++++ SOURCE MATERIAL ++++

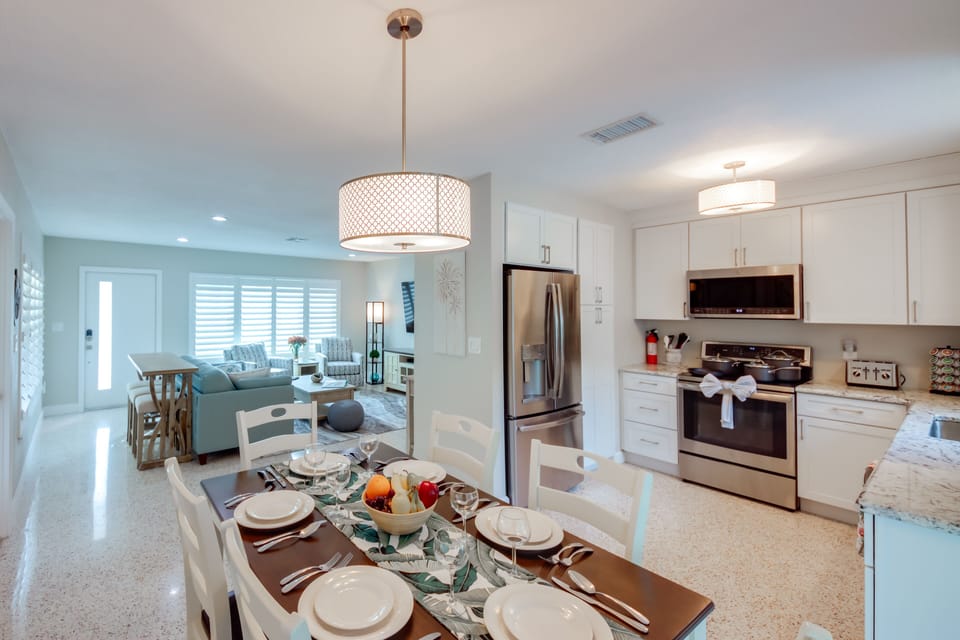Dining Area | Dishware & Flatware Provided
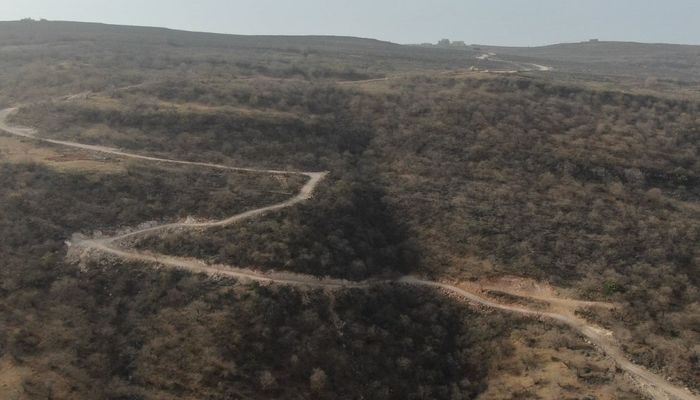الخدمات الهندسية بوزارة الدفاع تشق الطريق الجبلي (قرضيت - عين غيضيت) بمحافظة ظفار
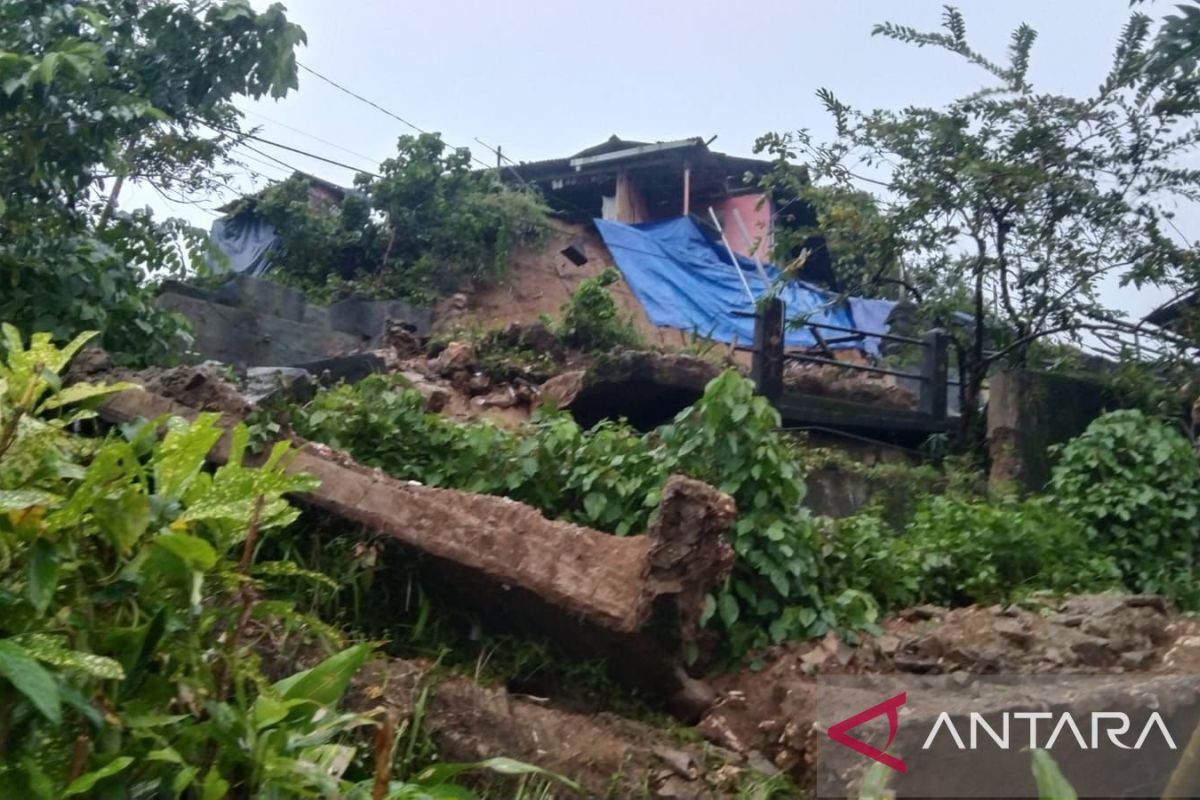 BNPB sets up command post to mitigate landslides in Ambon
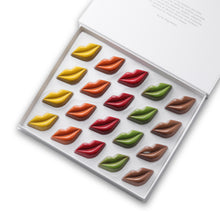 Charger l&#39;image dans la galerie, Les Baisers des Sablaises disponible en coffrets de 6/10/20 chocolats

++++

EXERCISE:
Could the lines from the one with "الخدمات الهندسية بوزارة" through the last line of the material above be written out exactly, both included, with pictures left out?

RESPONSE TO THIS TASK:
الخدمات الهندسية بوزارة الدفاع تشق الطريق الجبلي (قرضيت - عين غيضيت) بمحافظة ظفار
 BNPB sets up command post to mitigate landslides in Ambon
 Charger l&#39;image dans la galerie, Les Baisers des Sablaises disponible en coffrets de 6/10/20 chocolats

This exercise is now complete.